A pint-sized powerhouse standing at just 4’11”, Kristin Chenoweth has captivated audiences on stage, big screen, and television. Her many incredible achievements include winning a Tony award for her portrayal of Sally in You’re a Good Man, Charlie Brown, originating the role of Glinda in the musical mega-hit Wicked, and receiving an Emmy for her role of Olive Snook in the ABC series Pushing Daisies. Most recently, Chenoweth has played the boozy but loveable April Rhodes as a recurring guest star on the popular show Glee.
Through all this success, Chenoweth has remembered the ones who chose her and brought her into their family as a baby in Broken Arrow, Oklahoma. “It always goes back to my parents who adopted me, who gave me unconditional love and self-esteem,” Chenoweth told Fox News this past Father’s Day. “I don’t think I’d be where I am without them.” At the time of the interview, Chenoweth was promoting the Father’s Day Frosty Weekend to support the Dave Thomas Foundation for Adoption.
Chenoweth has been an active and vocal advocate for adoption throughout her career, particularly adoption within the United States.
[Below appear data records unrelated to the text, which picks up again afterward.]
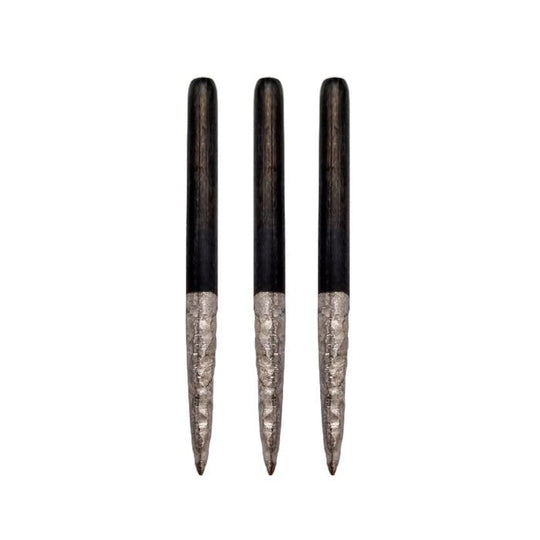 Eagle Darts Vulture Grip Points - Black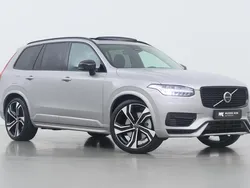 Zilver Nieuw 2025 Volvo XC90 Ultra SUV | € 81.700 (Super prijs)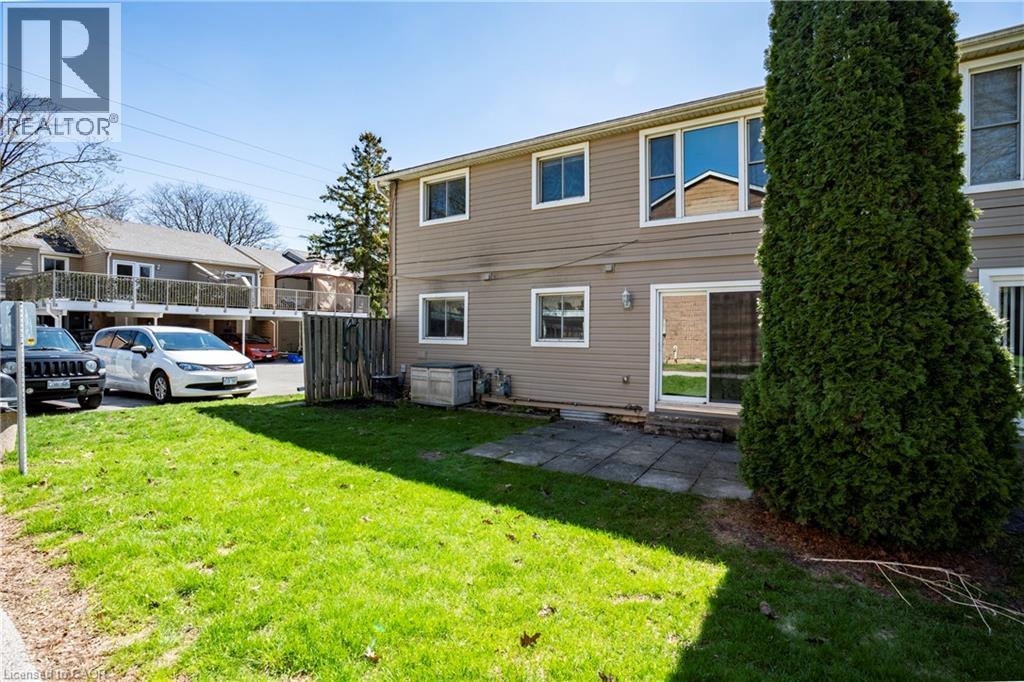 65 GLAMIS Road Unit# 80, Cambridge, Ontario, N1R6W4 — Photo 23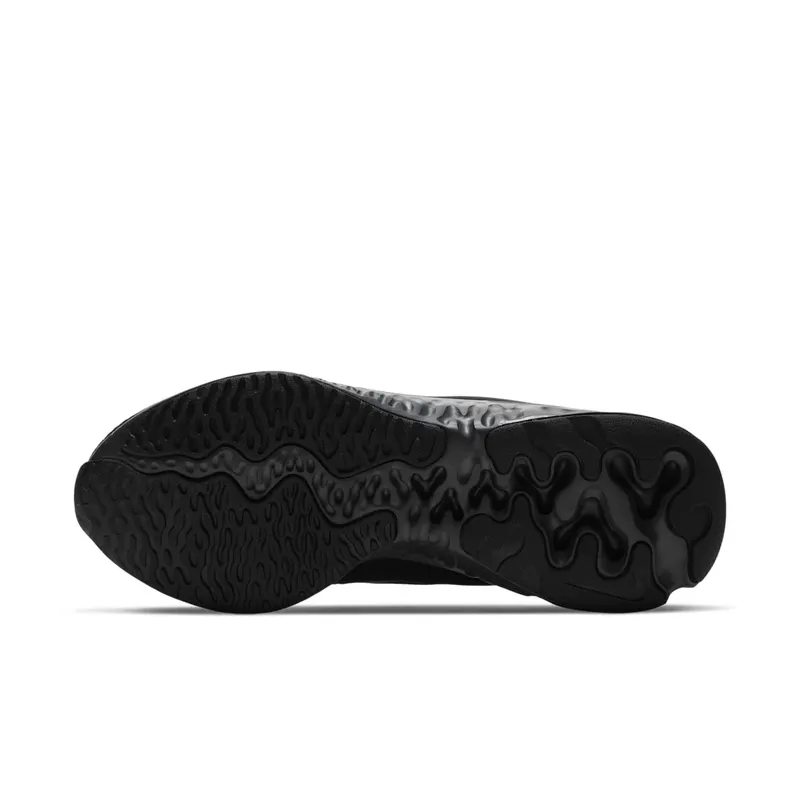 Nike Renew Run 2 Running Black (CU3505-006)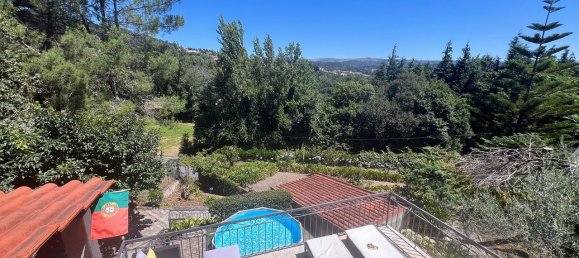 Дом с 3 спальнями в Golaes, Португалия № 213435 21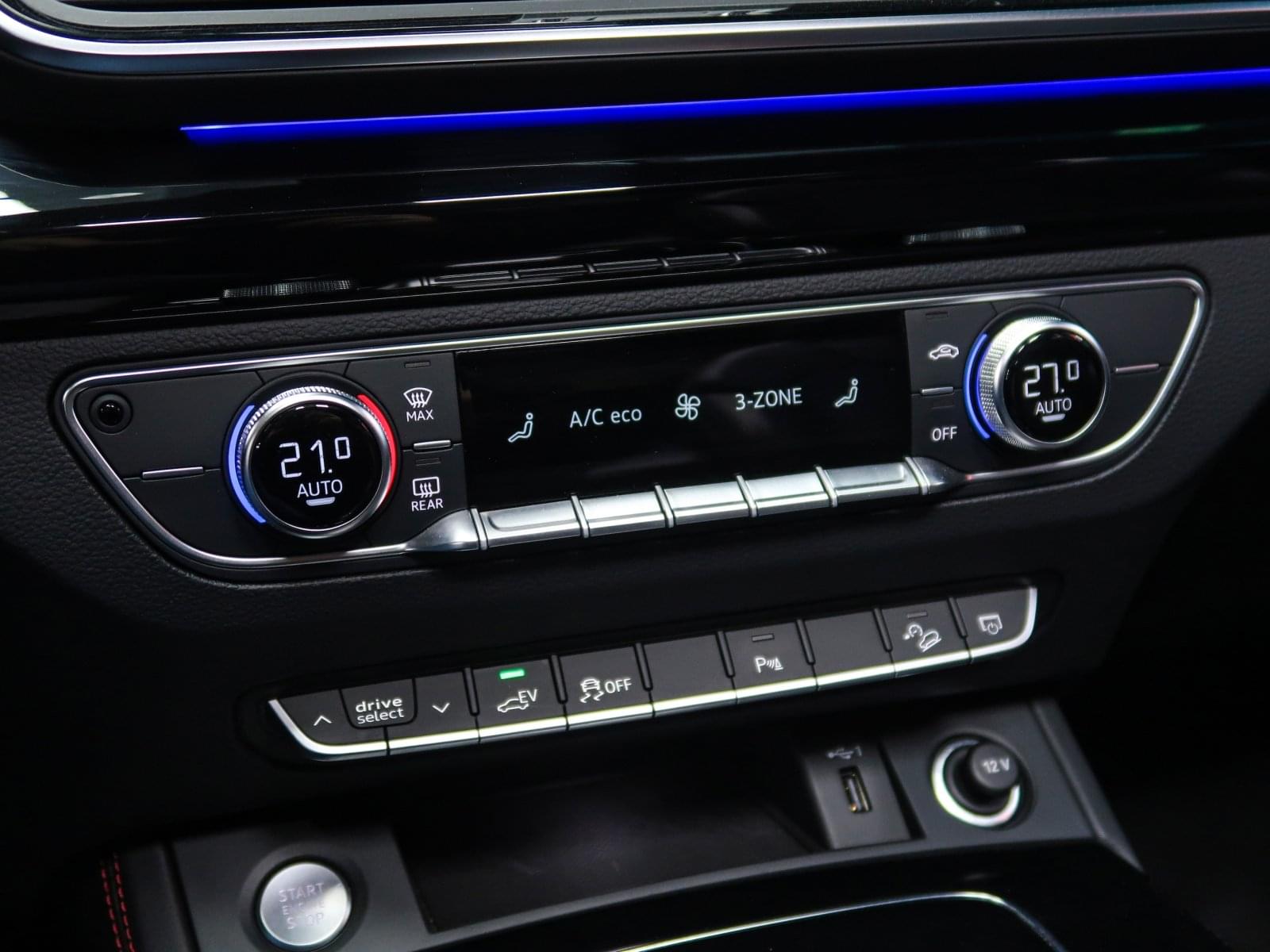 AUDI Q5 SPORTBACK 50 TFSIE BLACK LINE 299CV QUATTRO 41 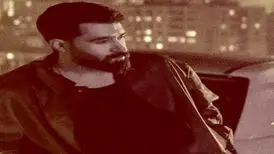 آهنگ «نمیخواستم» از علی یاسینی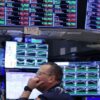 Investors react to Iran war risks as markets swing over Strait of Hormuz news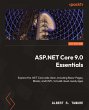 ASP.NET Core 9 Essentials - Bild 1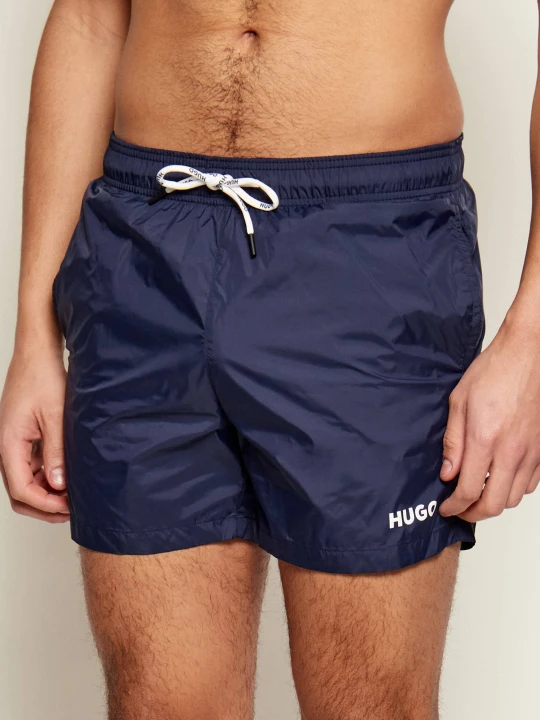 Zdjęcie produktu Hugo Bodywear Szorty kąpielowe Haiti | Regular Fit granatowy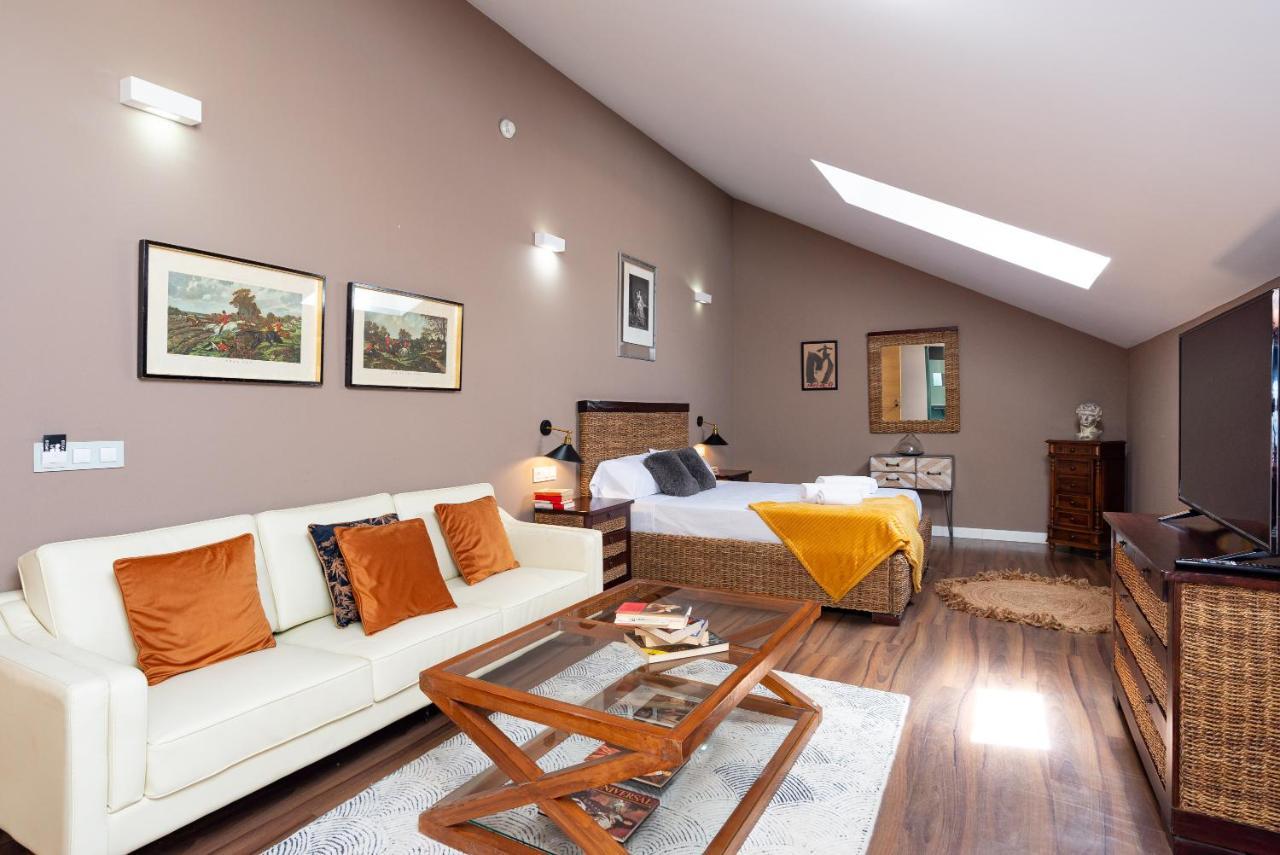 Letmalaga Albaicín Hotel *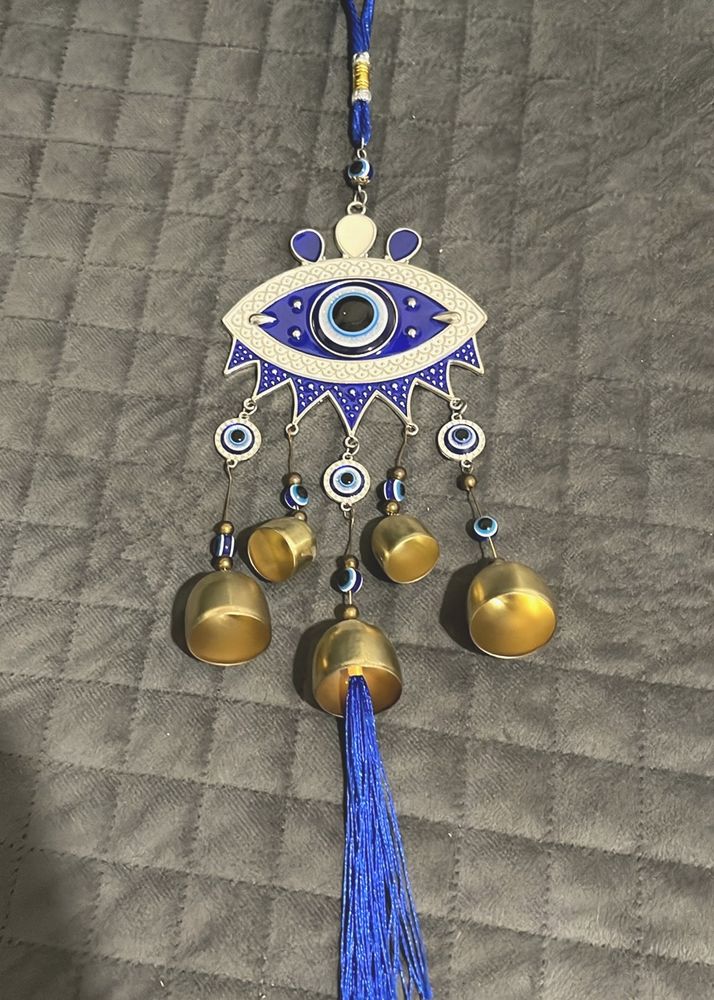 Wall Hanging Evil Eye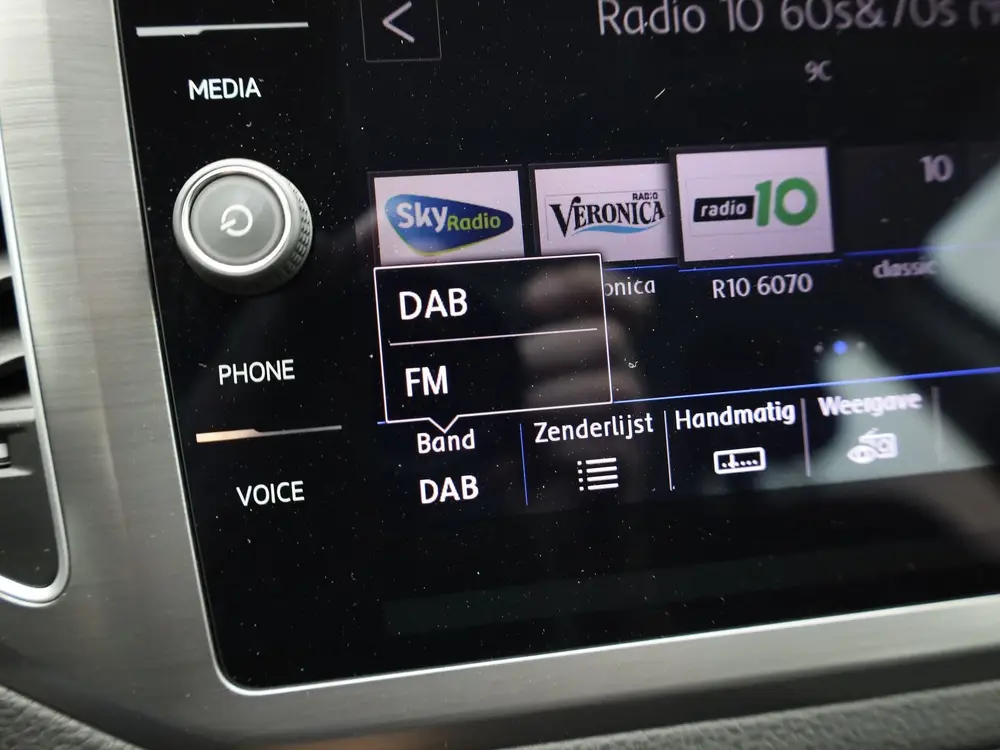 Volkswagen Golf Sportsvan 1.0 TSI | Trekhaak | Apple Carplay uit 2020, foto 15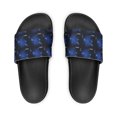 thumbnail image 2 of Aries Constellation Symbol Women's PU Slide Sandals, 2 of 4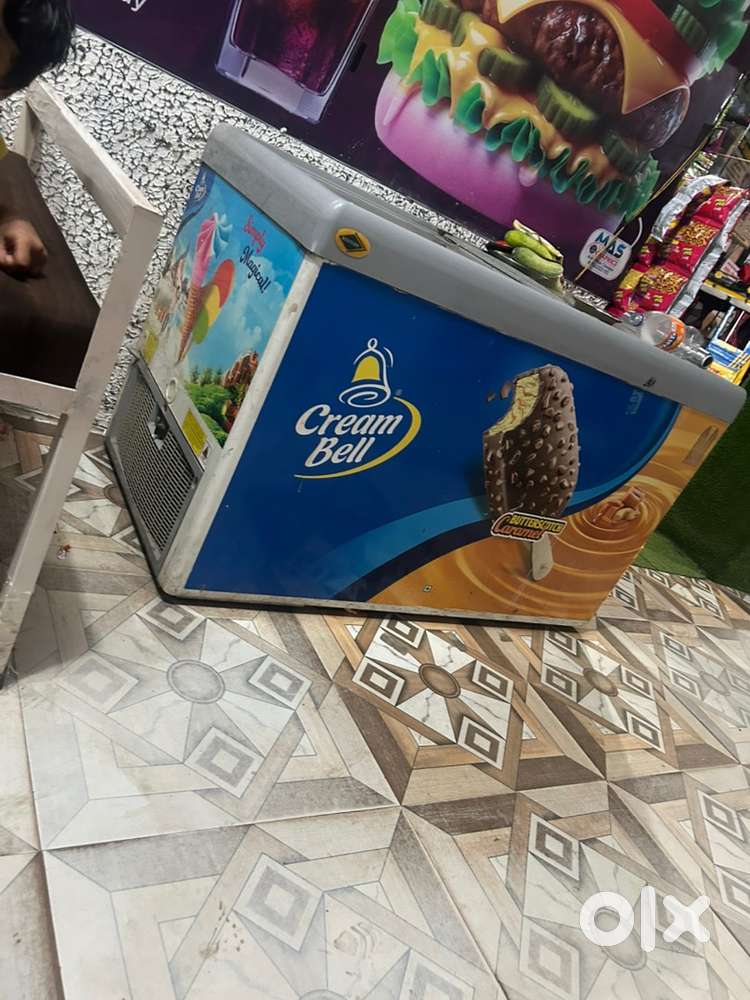 New candition h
In her recent autobiography, A Little Bit Wicked, Chenoweth writes, “It bugs me when I hear about ‘Angelina’s adopted son’ or ‘Rosie’s adopted children’ – as if that word will always separate them instead of binding them together. Angelina’s son and Rosie’s kids and I should get a regular apostrophe-plus-s like everybody else.”
Chenoweth discovered her talent and passion for singing byperforming in local churches. At the age of 12, she was invited to sing a solo in front of the entire Southern Baptist Convention national conference. Chenoweth told Metro Family Magazine, “My parents encouraged me in the talents God gave me. I attribute my success to them giving up their own desires so that I could have piano lessons, so that I could go to ballet, the countless hours spent at play practice. Through encouragement, they helped me believe in myself.”
Not every adopted child becomes an award-winning singer and actress, but the inspiring story of Chenoweth’s adoption is just one example of the deep bond of love between parents and their adopted children. It is also a testament of the power of sacrificial love shown by Chenoweth’s birthmother. Chenoweth is deeply grateful to her birthmother, recognizing that she owes everything to one woman’s brave decision. “Love is not about doggedly clinging to what belongs to you,” Chenoweth reflects in her autobiography, “it’s about finding it in yourself to let go, even when letting go breaks your heart.”